Your task is to print all of the data below exactly, with no pictures included.

__DATASET SECTION__:
::::

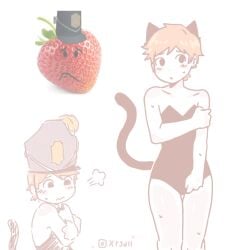 barry_(guts_and_blackpowder) boy bunnysuit cat_ears catboy chibi femboy guts_and_blackpowder pastel_colors roblox shy_expression strawberry tail twink uniform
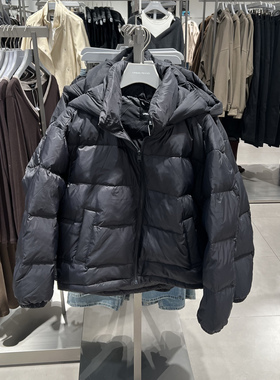 UR国内代购2025冬季女装简约休闲连帽绗缝宽松羽绒服UWM150052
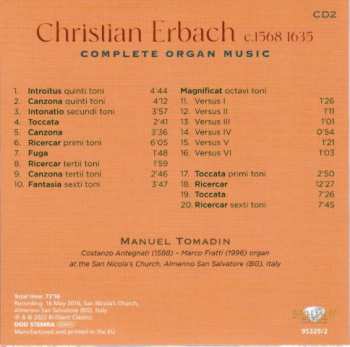 9CD/Set di cofanetti Manuel Tomadin: Complete Organ Music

::::

__OUTPUT OF THE TASK__:
 barry_(guts_and_blackpowder) boy bunnysuit cat_ears catboy chibi femboy guts_and_blackpowder pastel_colors roblox shy_expression strawberry tail twink uniform
 UR国内代购2025冬季女装简约休闲连帽绗缝宽松羽绒服UWM150052
 9CD/Set di cofanetti Manuel Tomadin: Complete Organ Music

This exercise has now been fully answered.